Volodymyr Ploskina

Personal information
- Full name: Volodymyr Ivanovych Ploskina
- Date of birth: 25 May 1954
- Place of birth: Chynadiiovo, Ukrainian SSR
- Date of death: 10 May 2010 (aged 55)
- Position: Defender

Senior career*
- Years: Team / Apps / (Gls)
- 1971–1974: Dynamo Kyiv / 0 / (0)
- 1974–1975: Hoverla Uzhhorod / 12 / (0)
- 1976–1988: Chornomorets Odesa / 419 / (51)
- Total:  / 431 / (51)

= Volodymyr Ploskina =

Ukrainian footballer

Volodymyr Ivanovych Ploskina (25 May 1954 – 10 May 2010) was a Ukrainian professional football player and coach.

==Early life==
Ploskina was born on 25 May 1954, and raised in the Zakarpattia Oblast.

==Career==
Ploskina began his professional career in 1969, before signing with Chornomorets Odesa in 1975. As a player of Chornomorets, he played the most matches for the club (473). After retiring as a player, Ploskina became a youth coach with Shakhtar Donetsk.

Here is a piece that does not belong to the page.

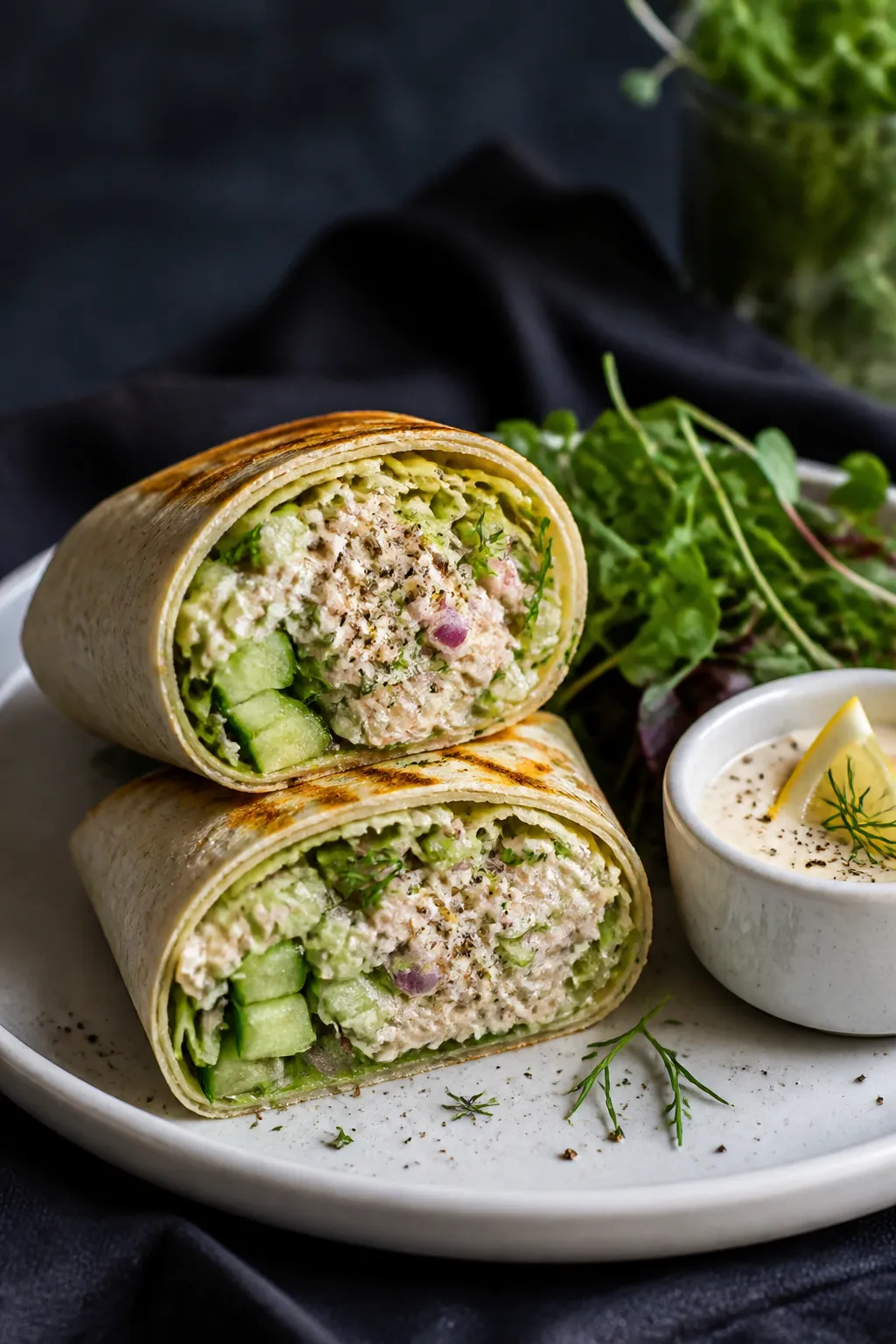 Final plated presentation: Two finished high-protein tuna wraps, tightly rolled and seared lightly i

In 1988, he was awarded the Club Loyalty Award for the time spent with Chornomorets Odesa. On September 1, 2012 at the FC Chornomorets Walk of Fame in memory of Volodymyr Ploskyna, a commemorative star was installed as one of the club's most outstanding players.

==Death==
Ploskina died on 10 May 2010, aged 55, after a serious illness.